A Dynamically Based Climatology of Subtropical Cyclones that Undergo Tropical Transition in the North Atlantic Basin

Abstract

Subtropical cyclones (STCs) derive a considerable portion of their energy from baroclinic and diabatic processes. The opportunity to investigate the roles of baroclinic and diabatic processes during the evolution of STCs from a potential vorticity (PV) perspective motivates this study. The roles of baroclinic and diabatic processes during the evolution of STCs are determined by calculating three PV metrics from the 0.5° NCEP Climate Forecast System Reanalysis dataset. The three PV metrics quantify the relative contributions of lower-tropospheric baroclinic processes, midtropospheric latent heat release, and upper-tropospheric dynamical processes during the evolution of individual cyclones. An evaluation of the three PV metrics, as well as the sign of the upper-tropospheric thermal vorticity, during the evolution of individual cyclones is used to devise an objective STC identification technique and construct a 1979–2010 climatology of North Atlantic (NATL) STCs that undergo tropical transition.

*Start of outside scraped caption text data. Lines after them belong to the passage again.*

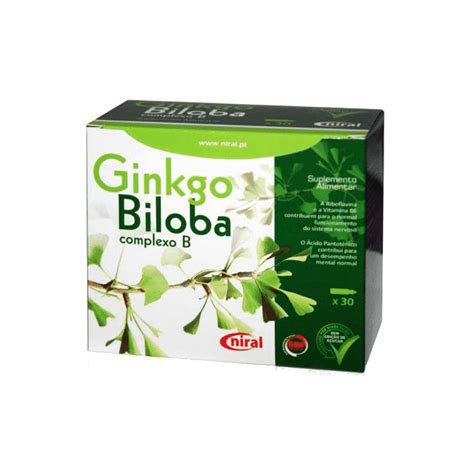 Ginkgo Biloba B Complexo Suplemento Alimentar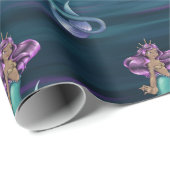 Papier Cadeau Mermaid Iole (Coin rond)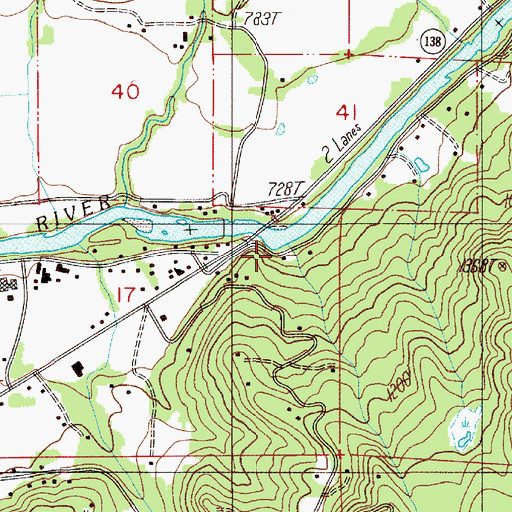 Topographic Map of Lone Rock Wayside County Park Boat Launch, OR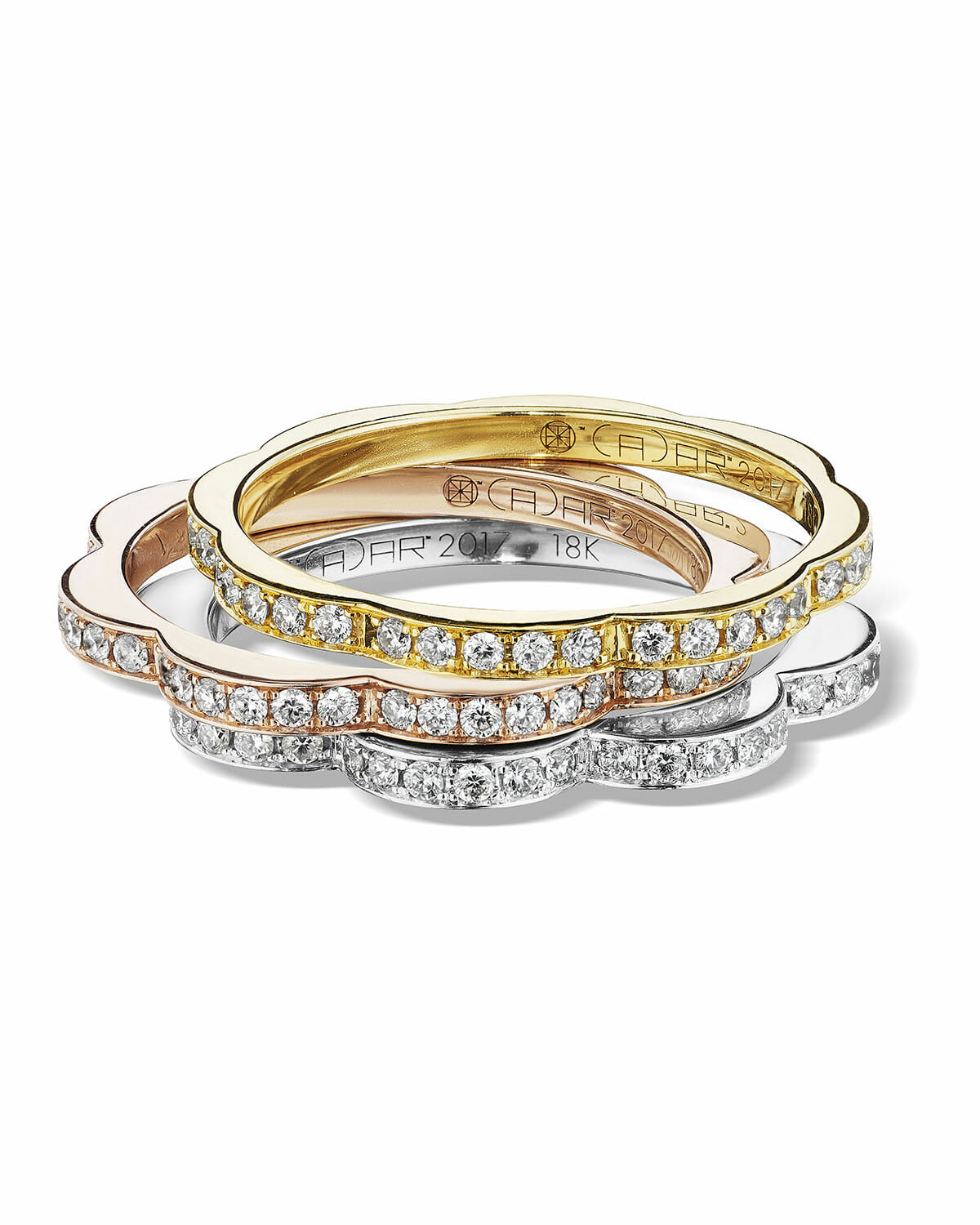 Diamond Wedding Band for every budget ring stack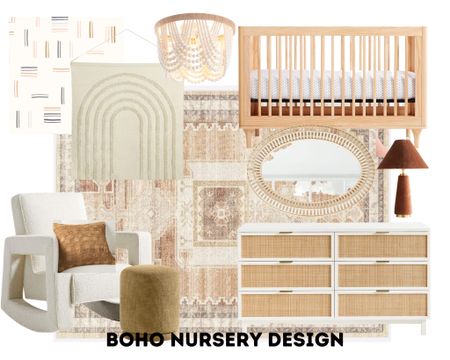 Boho Nursery Design

#LTKbump #LTKfamily #LTKbaby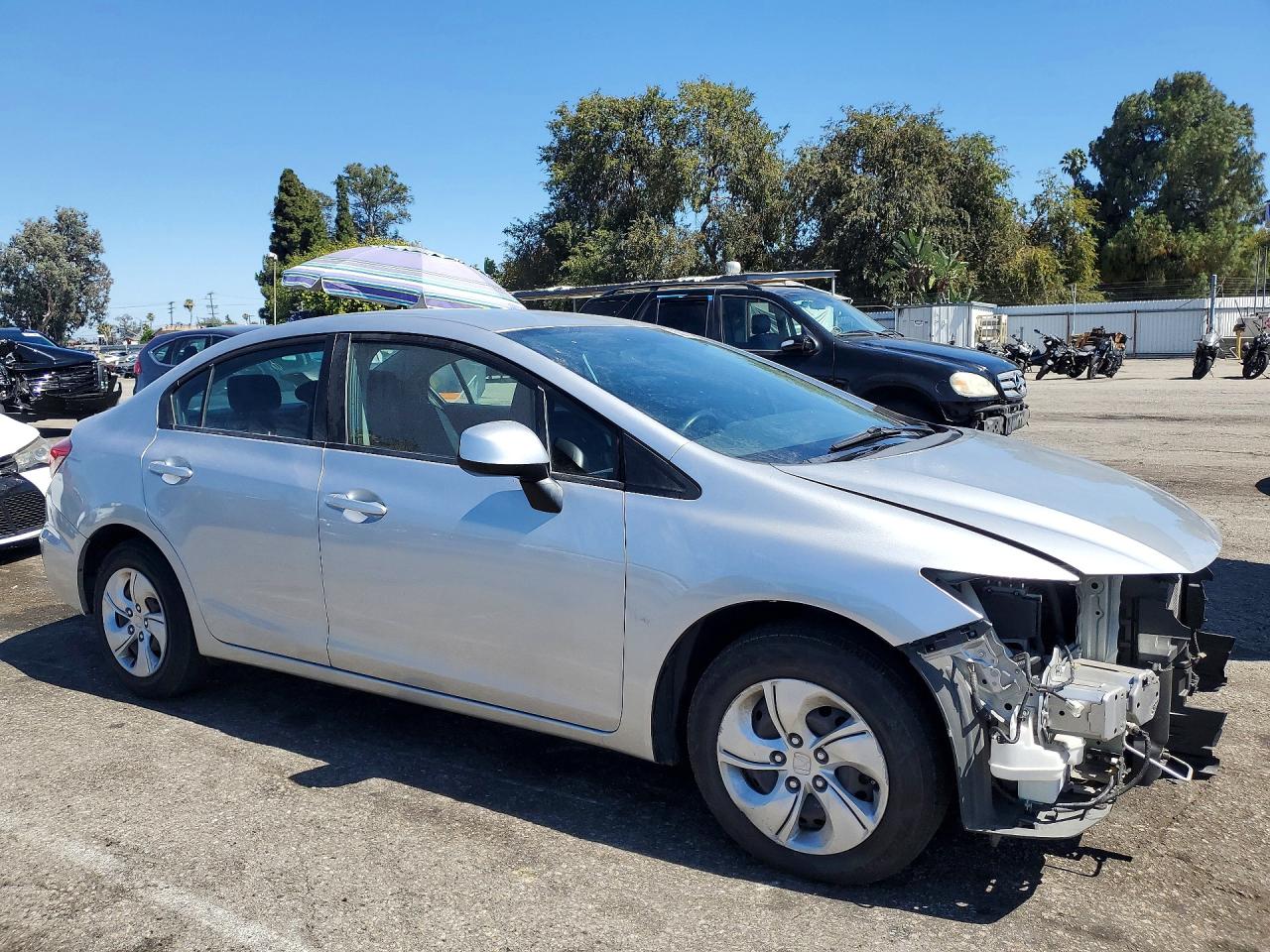 2013 Honda Civic Lx Silver vin: 19XFB2F58DE264566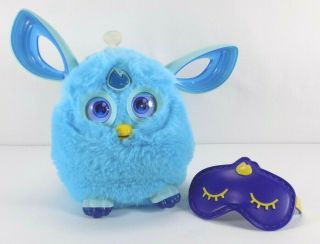 Hasbro Furby Connect Interactive Bluetooth Cute Sleep Mask Blue Turquoise 2016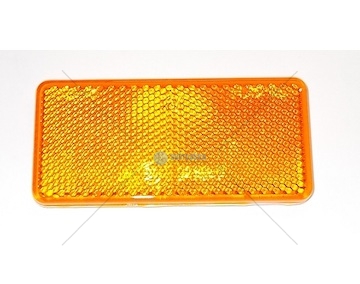 Odrazka oranžová samolepící 96x42mm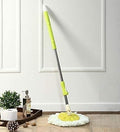 Home Cleaning Stainless Steel 360° Rotating Pole - Microfiber Mop with Adjustable Rod Stick {Random Color} - 20855
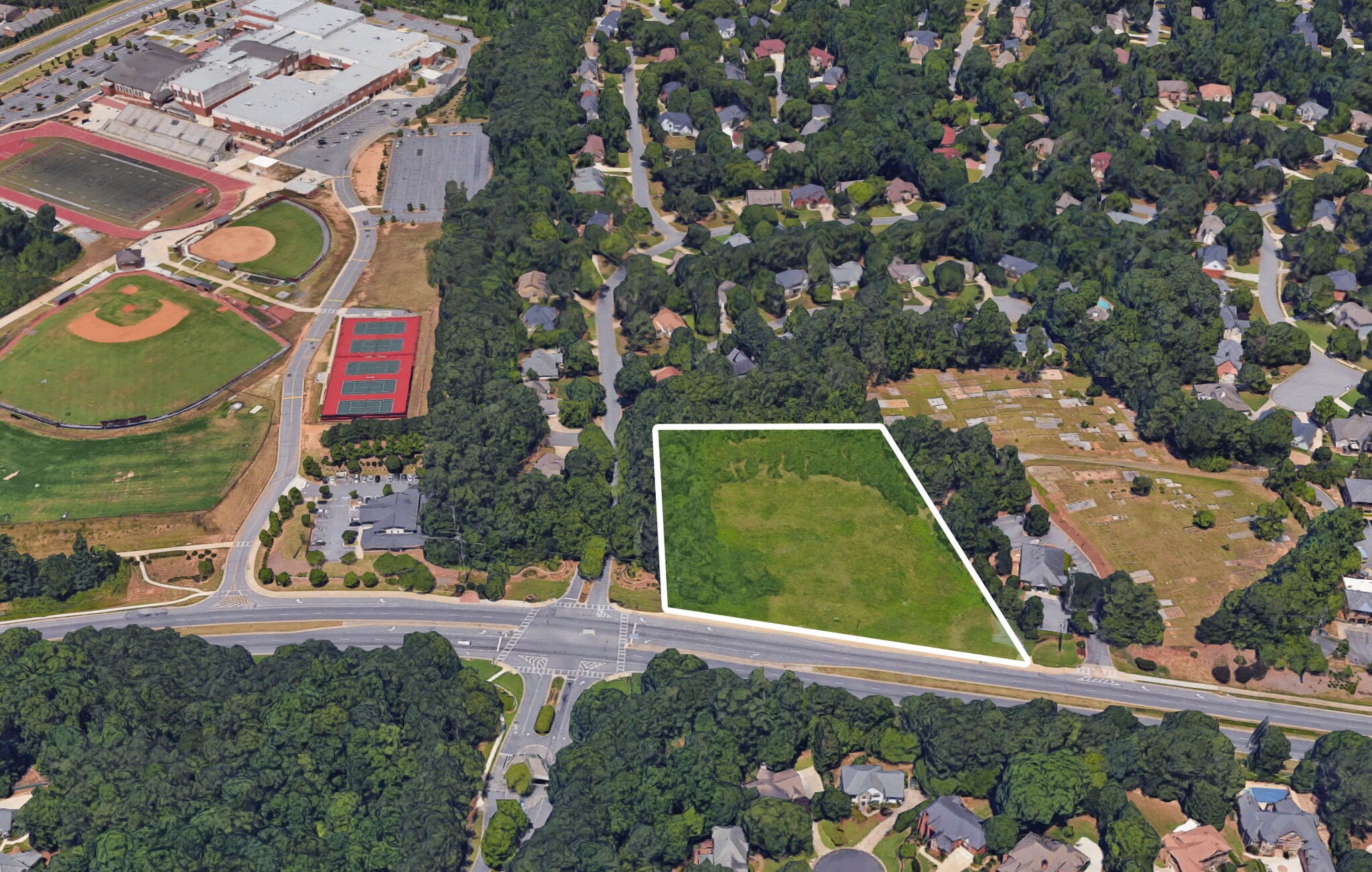 Medlock Bridge Rd, Duluth, GA for sale Aerial- Image 1 of 1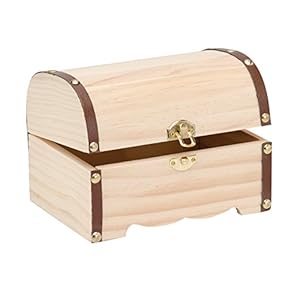 Glorex GmbH 6 2003 215 schatkist van grenenhout, FSC Mix 18 x 13 x 12,5 cm naturel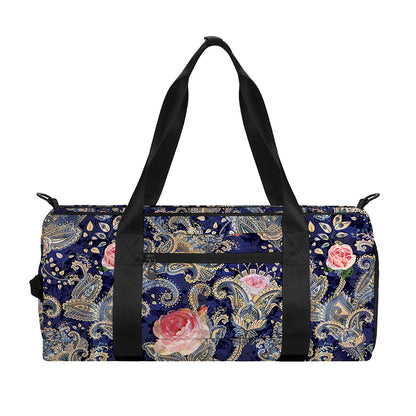 Indian Rose Paisley Pattern Print Gym Bag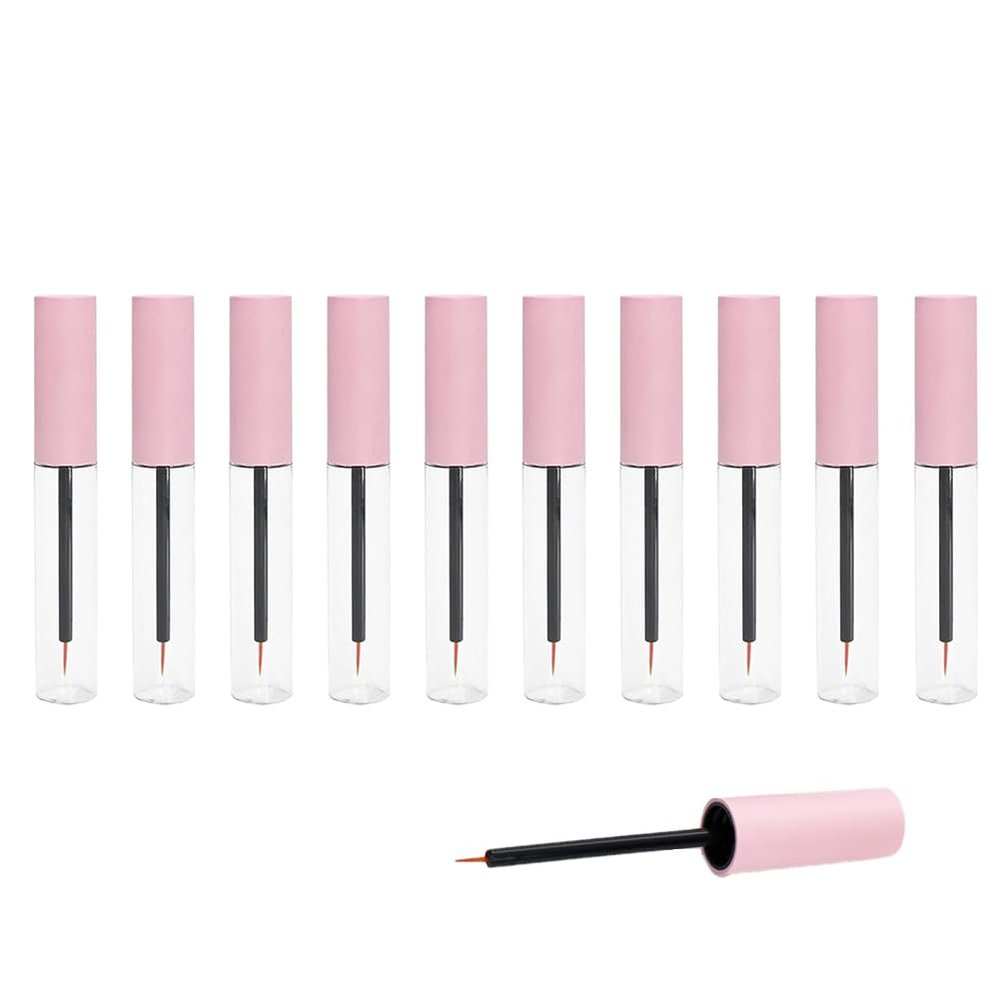 10 PCS Eyeliner Vials Bottle Empty Eyeliner Containers Eyeliner Brush Tube Liquid Eyeliner Bottle Plastic Eyeliner Tube Mascara Bottles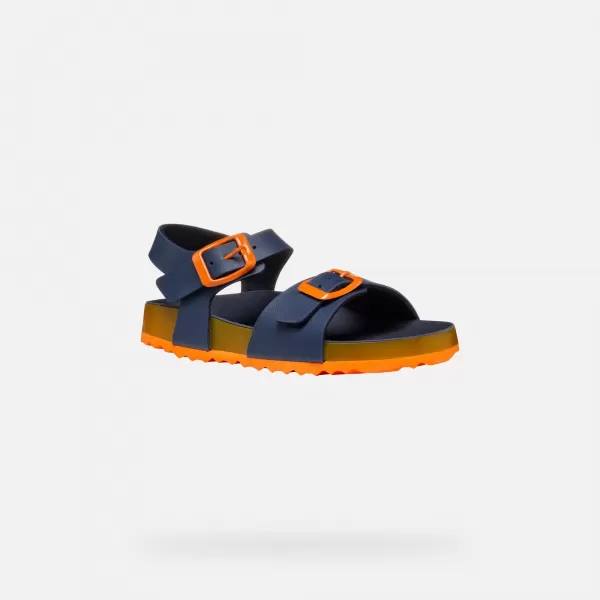  Chlapecké sandály GEOX GHITA J558LC0003WC0659 TMAVĚ MODRÁ 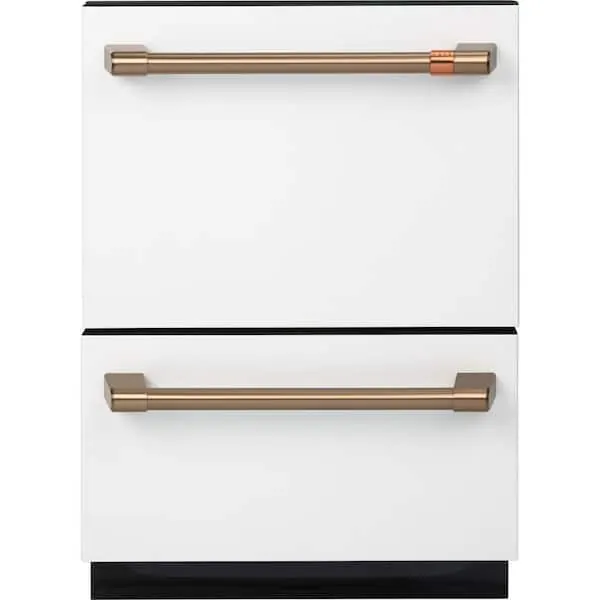 24 in. Matte White Double Drawer Dishwasher, image 1 of 12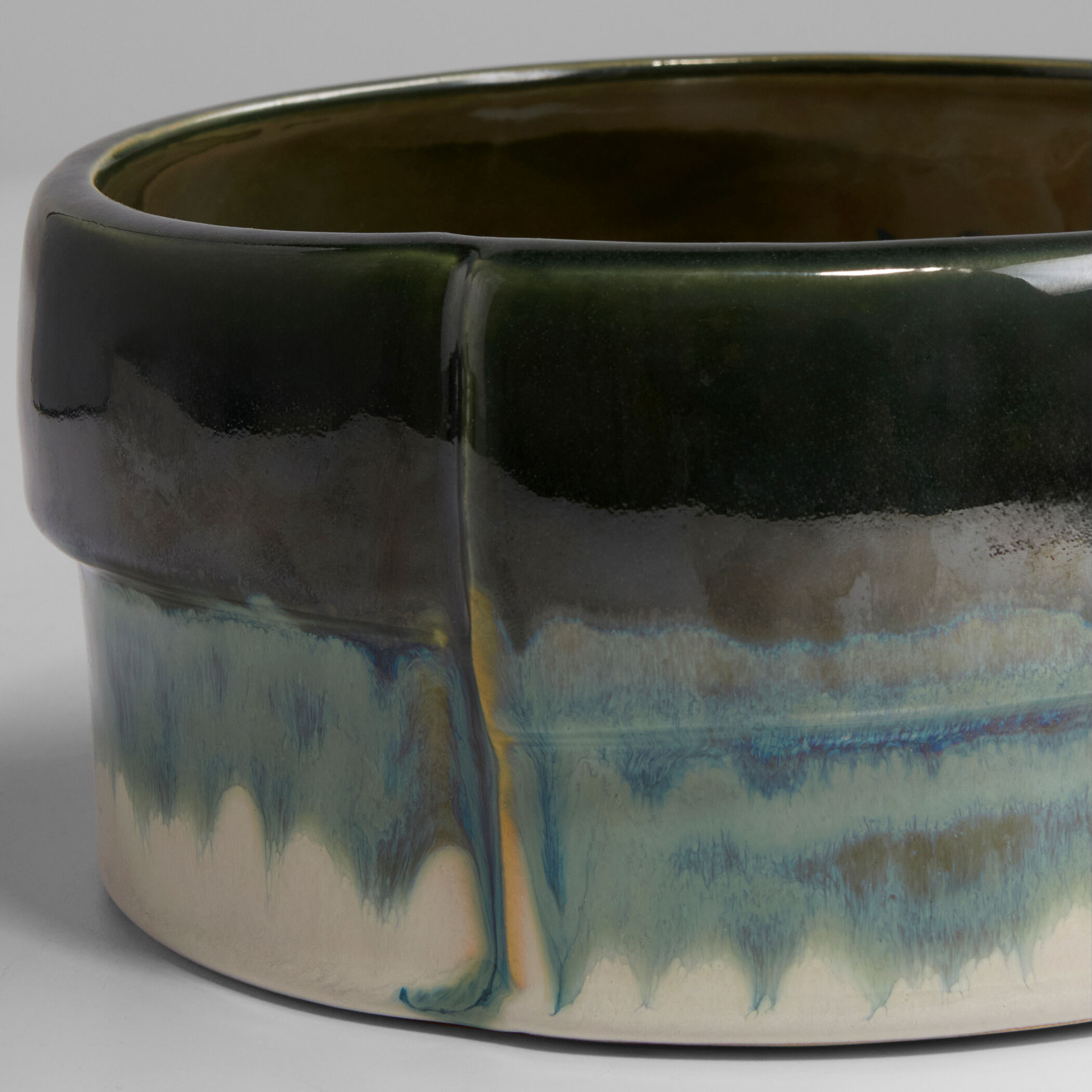 Folded 8 X 4 inch Cachepot, Wide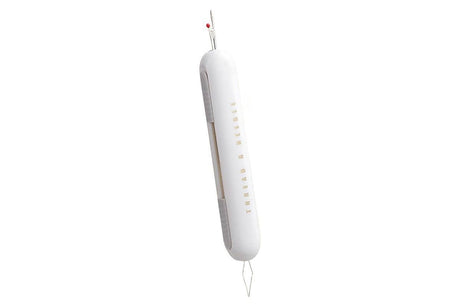 2-In-1 Needle Threader Seam Ripper Kit Thread Remover Sewing Ripper Tool-Light Grey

An investigation of the intraseasonal variability associated with the location and frequency of STCs identified in the 1979–2010 climatology shows that STCs typically form over the southern Gulf of Mexico and western NATL during April–June; over the northern Gulf of Mexico and western NATL during July–September; and over the western, central, and eastern NATL during October–December. STC formation occurs most frequently during September, when baroclinic and convectively driven forcings overlap across portions of the NATL. The frequency of STC formation is sensitive to the phase of ENSO and is maximized during periods of anomalously low SSTs in the eastern equatorial Pacific.